Какой сюрприз, какой восторг — придя домой, найти твое письмо. Замечательный ты мой читатель — ни хулы, ни хвалы (и то и другое — как наждаком по заднице), ты просто присутствуешь, внимательно и благосклонно, читаешь между строк — там, где, собственно, все и пишется! Я только что примчался из кафе «Аль Актар», где имел честь присутствовать при долгой и весьма глубокомысленной дискуссии «о романе» при участии: старика Личины, Китса и Помбаля. Они говорили так, как если бы каждый роман не был sui generis [96], — для меня в том не более смысла, чем в рассуждениях Помбаля о les femmes как об особой расе; честное слово, как школьники на пикнике — мальчики налево, девочки направо. Личина двинул свежую идею: мол, Искупление и Первородный Грех суть темы самые что ни на есть новые и оригинальные и что писатель сегодня… Брр! Я ретировался, почувствовав себя писателем откровенно позавчерашним и не желая споспешествовать им в изготовлении очередного пирога из глины пополам с дерьмом».

«Более чем уверен, старик Личина разродится в конце концов расчудесным романом о первородном грехе, и роман сей будет даже иметь, как я это про себя именую, „умеринный успех“ (всегда найдется парочка восторженных меринов, но доход от продаж все равно не покроет аванса). И знаешь, я так расчувствовался, представив себе его неминучую судьбу, что решил закатиться с горя в бордель и излить там свою первородную тоску в самой что ни на есть греховной форме. Вот только час был еще неурочный; к тому же день выдался жаркий, и от меня разило потом. Итак, я вернулся в гостиницу, чтобы принять душ и сменить сорочку, — и обнаружил твое письмо. Тут в бутылке осталось еще немного джина, и я подумал: черт его знает, куда меня сегодня занесет, так что сяду-ка я прямо сейчас и отвечу тебе по всей форме, пока еще не шесть часов и бордели все равно закрыты».

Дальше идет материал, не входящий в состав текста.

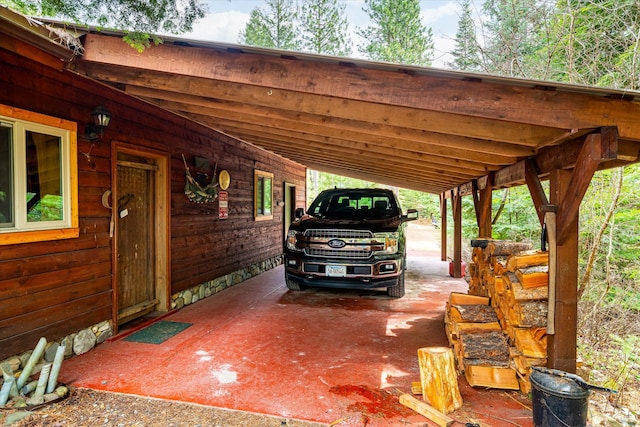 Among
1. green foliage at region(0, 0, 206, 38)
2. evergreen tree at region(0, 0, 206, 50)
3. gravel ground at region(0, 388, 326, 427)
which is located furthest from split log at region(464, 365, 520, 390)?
green foliage at region(0, 0, 206, 38)

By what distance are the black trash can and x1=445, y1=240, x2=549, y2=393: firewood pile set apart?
2.02 ft

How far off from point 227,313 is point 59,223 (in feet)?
7.51

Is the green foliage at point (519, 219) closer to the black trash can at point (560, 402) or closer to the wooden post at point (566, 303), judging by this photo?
the wooden post at point (566, 303)

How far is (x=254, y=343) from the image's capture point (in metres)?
3.68

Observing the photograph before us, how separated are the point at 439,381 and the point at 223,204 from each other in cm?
457

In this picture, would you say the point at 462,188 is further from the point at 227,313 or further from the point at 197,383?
the point at 197,383

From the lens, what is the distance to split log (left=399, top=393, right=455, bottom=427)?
2.29 metres

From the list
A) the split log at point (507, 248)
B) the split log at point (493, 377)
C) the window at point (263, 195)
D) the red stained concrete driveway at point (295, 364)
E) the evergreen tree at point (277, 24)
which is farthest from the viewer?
the evergreen tree at point (277, 24)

«Вопросы, которые ты ставишь передо мною, дорогая Клеа, — те самые вопросы, коими и сам я задаюсь. Я как раз собирался разобраться в них получше, прежде чем приниматься за последний том, которого главной целью почитаю — свести воедино, разрешить и гармонизировать все те узлы, что понавязал прежде. Хочу, чтобы в нем зазвучала нота… утверждения, — только не пойми сие как философский или богословский термин. Нужно поймать изгиб объятия, тот бессловесный шифр, на котором говорят любовники. И передать, оставить чувство, что мир наш основан на чем-то очень простом, из чего и смысла нет выводить космические законы, — но это „что-то“ так же просто уловить и понять, как, скажем, нежность, простую нежность изначальной связи — между животным и растением, дождем и почвой, семенами и деревьями, человеком и Богом. Связь эта так тонко соткана, что рвется мигом при одном лишь приближении „пытливого ума“ или conscience [97] во французском смысле слова, у коих, вне всякого сомнения, есть свои права и своя особая область жизнедеятельности. Я хотел бы думать о своей работе как о колыбели, в которой философия сама себя укачает и уснет, постепенно, с пальчиком во рту. Что ты на это скажешь? В конце концов, не этого нам в мире более всего недостает, но — только так все в мире происходит. Помолчи немного, и ты почувствуешь тихий ток нежности — не силы, не славы; и не Прощенья от Грехов, не Жалости, не Сострадания, этой выдумки вульгарного иудейского ума, только и способного представить человека корчащимся под кнутом. Нет, та нежность, что я имею в виду, совершенно безжалостна! «Закон, себе довлеющий», как принято у нас говорить. Конечно, всегда приходится помнить о том, что мысль изреченная есть ложь — наполовину. И все же в последней моей книге я должен доказать: для человека есть надежда, есть предел и есть свобода, в рамках простейшего закона; и мне кажется, человечество уже понемногу начинает примерять к себе необходимую информацию, путем не разума, нет, но просто внимания, что и позволит, может быть, когда-нибудь построить жизнь по новым меркам — вот воистину «радость без предела». Как может радость быть чем-то иным? Новое это существо, за которым мы, художники, как раз и охотимся, будет не столько даже «жить», сколько «протекать», как время. Черт, и трудно же говорить такие вещи! Может, ключик в смехе, в Веселом Боге? Ведь именно серьезные люди вечно норовят нарушить спокойствие духа своими ужимками — как Жюстин? (Погоди-ка. Пойду налью себе еще немного джина.)»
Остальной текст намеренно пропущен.